Uma boa notícia contra as fake news! O Tribunal  Superior Eleitoral (TSE) bloqueou a monetização de propagadores de mensagens falsas. Segundo levantamento do coletivo Bereia, que checa informações e notícias de grupos religiosos, oito desses canais têm identidade religiosa e contam, somados, com 6,37 milhões de seguidores no YouTube. Todas as páginas bloqueadas são de apoiadores de Jair Bolsonaro e são investigadas pela Polícia Federal.

No mês em que se comemorou o centenário do grande educador Paulo Freire, é necessário lembrar que, apesar de vivermos um momento de resistência por parte da esquerda por conta das alianças das lideranças evangélicas a este governo, Paulo Freire foi, antes de tudo, um cristão. Magali Cunha aponta como compreensível essa resistência que enxergamos por parte de nosso campo, mas afirma: compreensível, mas nada sábia. É fundamental olharmos para nossa história e trazermos as sábias palavras do educador que trocou Harvard pelo Conselho Mundial das Igrejas. Paulo Freire diz: “Eu preferia vir para o Conselho, porque o problema de ser professor para mim não se coloca. Eu me acho professor numa esquina de rua. Eu não preciso do contexto da universidade para ser um educador. Não é o título que a universidade vai me dar que me interessa, mas a possibilidade de trabalho. E naquela época eu sabia que o Conselho ia me dar a margem que a universidade não me daria.
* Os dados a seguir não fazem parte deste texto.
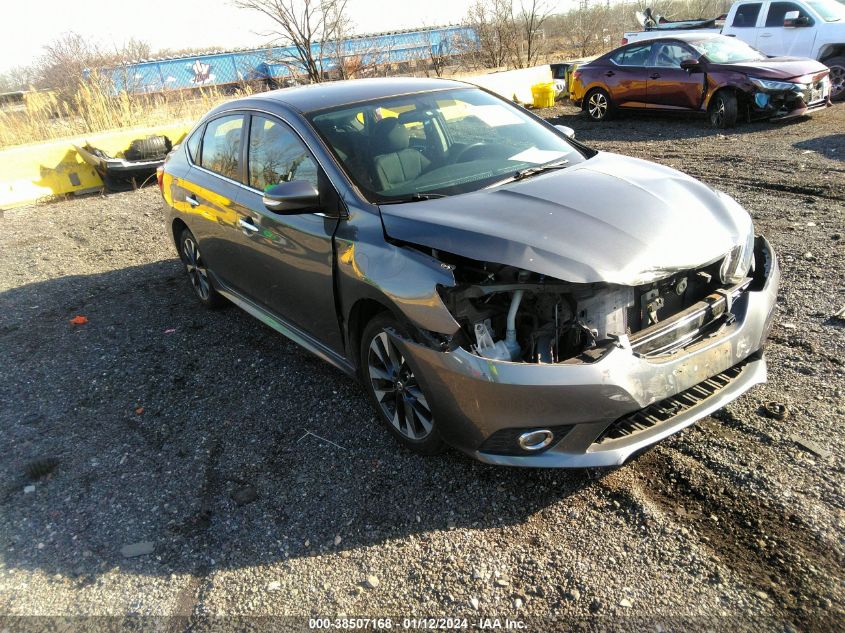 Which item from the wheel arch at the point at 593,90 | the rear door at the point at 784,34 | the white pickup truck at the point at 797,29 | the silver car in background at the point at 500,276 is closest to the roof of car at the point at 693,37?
the white pickup truck at the point at 797,29

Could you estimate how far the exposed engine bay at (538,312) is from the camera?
109 inches

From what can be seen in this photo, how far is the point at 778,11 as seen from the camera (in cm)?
1412

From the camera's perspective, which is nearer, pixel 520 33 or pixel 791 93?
pixel 791 93

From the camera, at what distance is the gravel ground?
98.4 inches

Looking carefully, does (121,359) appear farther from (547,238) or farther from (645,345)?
(645,345)

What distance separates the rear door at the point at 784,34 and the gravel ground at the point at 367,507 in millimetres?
11307

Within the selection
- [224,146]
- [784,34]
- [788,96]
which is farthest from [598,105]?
[224,146]

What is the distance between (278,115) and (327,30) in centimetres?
1381

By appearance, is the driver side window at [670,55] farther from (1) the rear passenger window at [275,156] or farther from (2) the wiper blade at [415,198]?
(2) the wiper blade at [415,198]

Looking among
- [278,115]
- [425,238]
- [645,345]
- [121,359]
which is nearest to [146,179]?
[121,359]

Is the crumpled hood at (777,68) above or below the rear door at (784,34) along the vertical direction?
below

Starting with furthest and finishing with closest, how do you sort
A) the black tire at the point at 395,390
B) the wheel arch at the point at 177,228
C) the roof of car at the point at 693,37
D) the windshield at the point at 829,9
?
the windshield at the point at 829,9 < the roof of car at the point at 693,37 < the wheel arch at the point at 177,228 < the black tire at the point at 395,390

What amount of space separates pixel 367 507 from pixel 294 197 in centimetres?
161

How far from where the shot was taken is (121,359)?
4.97 meters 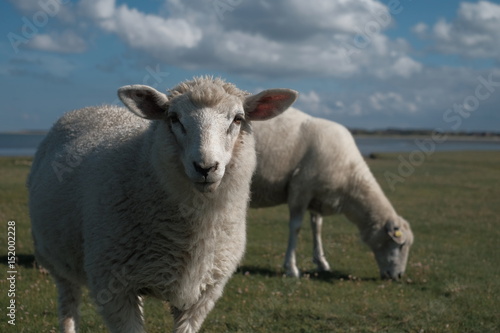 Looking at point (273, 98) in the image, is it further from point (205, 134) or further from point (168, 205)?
point (168, 205)

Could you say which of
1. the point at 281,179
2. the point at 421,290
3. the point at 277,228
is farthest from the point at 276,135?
the point at 277,228

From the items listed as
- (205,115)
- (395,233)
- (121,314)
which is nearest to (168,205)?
(205,115)

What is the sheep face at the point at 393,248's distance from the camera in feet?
33.7

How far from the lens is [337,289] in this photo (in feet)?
29.8

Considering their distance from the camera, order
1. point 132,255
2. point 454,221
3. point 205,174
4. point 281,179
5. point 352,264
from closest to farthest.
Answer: point 205,174 → point 132,255 → point 281,179 → point 352,264 → point 454,221

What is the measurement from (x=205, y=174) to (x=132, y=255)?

Eu temia, ao deixar a América Latina, perder o contato com o concreto e começar a me meter dentro de bibliotecas e começar a operar sobre livros, o que não me satisfaria e me levaria à alienação total. Não me interessa passar um ano estudando um livro, mas um ano estudando uma prática diretamente. O Conselho me dava esta oportunidade” (“Paulo Freire, no exílio, ficou mais brasileiro ainda”, entrevista a Claudius Ceccon e Miguel Darcy de Oliveira).

O desafio hoje se coloca para todos que acreditam em práticas libertadoras para a transformação de estar onde o povo está, no diálogo concreto e cotidiano, respeitando esse povo em todas as suas dimensões, inclusive em sua fé. Acreditando, como nos ensinou Paulo Freire, na capacidade de todos sermos mais.